In the case of VinFast, they own it. You can't even buy the car itself, it is a lease from the start. You'd be correct in the economics not making any sense and of course people are ripping on that in their forums. Hopefully, they figure it out eventually. Luckily for VinFast, the entire Vietnamese government is backing them.
What you're imagining though is that you own the battery. In the case of NIO, it is a lease the entire time. When you sell the car, you're selling the lease on the battery with it.
The station could test the battery and charge you/give you a credit depending on the capacity difference. Every battery would have an audit trail as well
The first point barely makes sense if you can have more than one bay. Also it's about how many can you swap in an hour vs charge? The base expectation is you'll be able to do way more cars since they don't have to sit and wait for an hour just like gasoline cards today.
Battery degrading is only an issue if I own the battery instead of getting it like a subscription. A 10% swing in range shouldn't matter in most scenarios as long as I only pay for the energy used.
All these problems here are solvable. I think there are way bigger issues for the company like now they need to own a bunch of batteries and house those on the books.
So I think a part that is forgotten about with battery swap station is that those batteries still need to be charged. Which gets into how many additional batteries does each station need stored to be able to keep up with demand. If it takes 1 hour to fully charge a battery and you want to be able to serve a car every 5 minutes then you are going to need to be able to send out 12 batteries within an hour. So now as a consumer you are going to pay for the electricity to charge those batteries, 12 charging stations, plus the overhead of 12 batteries sitting doing nothing but charging.
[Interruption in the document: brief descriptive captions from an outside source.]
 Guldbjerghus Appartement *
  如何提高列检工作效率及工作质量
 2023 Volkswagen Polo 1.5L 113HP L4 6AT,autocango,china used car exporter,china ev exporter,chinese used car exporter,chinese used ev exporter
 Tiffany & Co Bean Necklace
Companies could reduce that overhead cost by reducing charging times, but as charging times reduce it becomes more likely the consumer will choose to simply just choose to charge their own vehicle instead of swapping a battery. How much are consumers going to be willing to spend to save 5-10 minutes? I drive past Sam's Club every day after work where people wait in line easily 10-20 minutes to save 5-10 cents per gallon of gas.
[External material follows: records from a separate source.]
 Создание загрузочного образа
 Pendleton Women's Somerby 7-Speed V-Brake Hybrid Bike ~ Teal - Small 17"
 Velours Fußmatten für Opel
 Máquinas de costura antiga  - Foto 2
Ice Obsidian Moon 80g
This is what I'm referring to as "housing on the books" you've got this insane infrastructure that goes beyond simply charging.
I also agree, how much time are people willing to spend to save money and the answer is, a lot. Grows quite rapidly lower on the economic ladder you go.
To be fair, it's not saving 5-10 minutes. A Tesla supercharger still takes ~15m for only 200mi. To go to full charge, you'd be saving an 30-45m easy. If all the bays are full, 2-3 hours?!
But to agree with you, if you put the battery swap next to a charging station and charged less for the charging station (because less infra), how many people would be willing to simply take the lower cost and wait a bunch of time? Quite a lot I'm afraid.
So the car I am most interested in is the Ioniq 5 which is rated at a 10-80% charge time of 18 minutes. Sure it is not a completely full battery but largely that isn't necessary. But I think the major issue is that technology advancement necessary to reduce overhead costs for battery swap stations will only make charging more appealing, because the only way to reduce the number of batteries required in stock is to be able to charge them faster. So even though right now it might save you 30-45 minutes right now for a full battery, it would cost significantly more. As charging times decrease it will start saving less and less time but still will cost a premium.